Current statistics put the national housing deficit at 1.7 million.

Architect Stella Athiabah, acting Registrar of the Architects Registration Council, told the Daily Graphic yesterday that the situation had arisen since the 1980s because anytime the process of developing a housing policy was started, it was stopped along the way, only for it to be started all over again.

In the years gone past, each government had tried to work with its own guidelines and different legislation in the statute books, which had resulted in uncoordinated activities in the sector and a myriad of problems associated with the provision of housing.

She was speaking in an interview after addressing this year’s ‘Conference for Housing Excellence’ held in Accra. It was organised by the Ghana Institute of Housing and other major stakeholders.

It was on the theme, “Building the right infrastructure and inter-agency partnerships to create a robust and sustainable housing environment.”

 

Lack of Policy

On how the lack of a policy had affected the country, Architect Athiabah said “because the housing policy is meant to advocate partnership around government, private sector and international partners to move the social housing, its absence delayed pragmatic efforts to solve the housing deficit.”

“Each of us has our role. It is government’s role to develop policy but it is the role of the housing professionals (architects, engineers, surveyors etc.) to be aware of what is in the document and see how we can practicalise it,” she said.

“Ghana does not have a housing policy that has been signed and approved.
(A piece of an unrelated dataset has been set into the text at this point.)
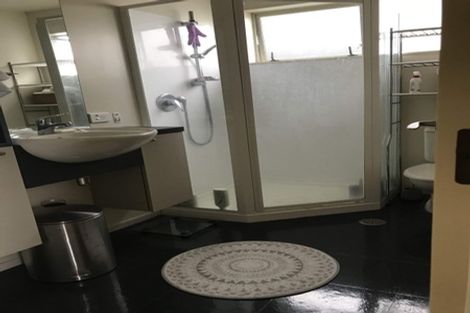 Photo of property in 31 Madras Street, Khandallah, Wellington, 6035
What we have been doing all along, as someone mentioned earlier, is that the housing policy is in people’s minds,” Stella Athiabah added.

Earlier in a speech on the need for strategic partnerships and identifying the role and responsibilities in reshaping the housing sector, Mrs Athiabah called for a partnership among all stakeholders which would involve private, public and voluntary efforts.

 

Mr Ashigbey

Mr Kenneth Ashigbey, Managing Director, Graphic Communications Group Limited, asked stakeholders in the housing sector to court the media to ensure they understood and communicated the right information, as well as the problems of the housing sector to the public.

“We have a very critical power to be able to address it because that is something that touches everybody, and you will need everybody involved in finding a solution to the problem,” he said.

Professor Sam O. Afram, Head of Department, College of Architecture and Planning, Kwame Nkrumah University of Science and Technology, disclosed that Ghana and four other African countries – Nigeria, Uganda, Kenya and South Africa- had been selected for a pilot of ‘Housing Centres of Excellence,’ and that US$90,000 had already been provided for Ghana’s project to take off.